**** DATASET CONTENT

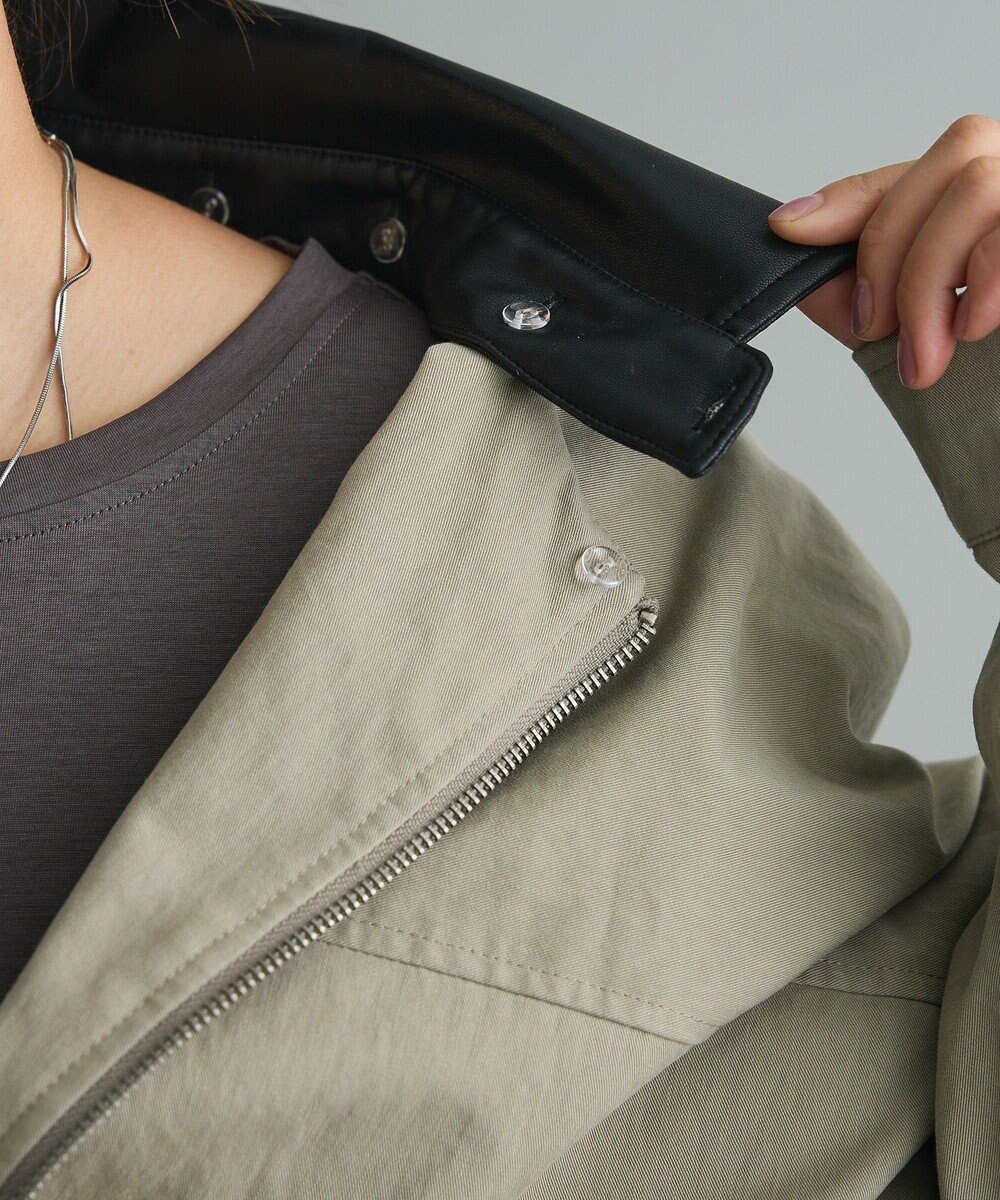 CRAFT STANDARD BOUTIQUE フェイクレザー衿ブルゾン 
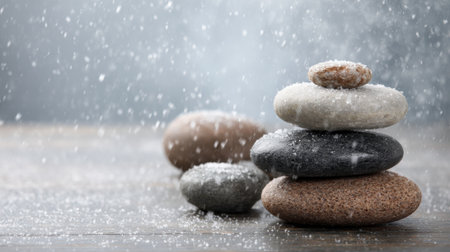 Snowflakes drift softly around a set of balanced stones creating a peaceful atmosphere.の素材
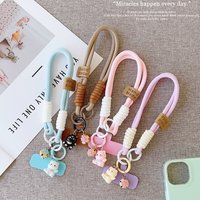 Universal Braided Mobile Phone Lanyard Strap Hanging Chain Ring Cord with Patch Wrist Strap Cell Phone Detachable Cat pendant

********

From the line containing "Snowflakes drift softly" down to the end of the listing above, every line is to be returned exactly, though the pictures are not.

- **ANSWER TO THIS EXERCISE**
 Snowflakes drift softly around a set of balanced stones creating a peaceful atmosphere.の素材
 Universal Braided Mobile Phone Lanyard Strap Hanging Chain Ring Cord with Patch Wrist Strap Cell Phone Detachable Cat pendant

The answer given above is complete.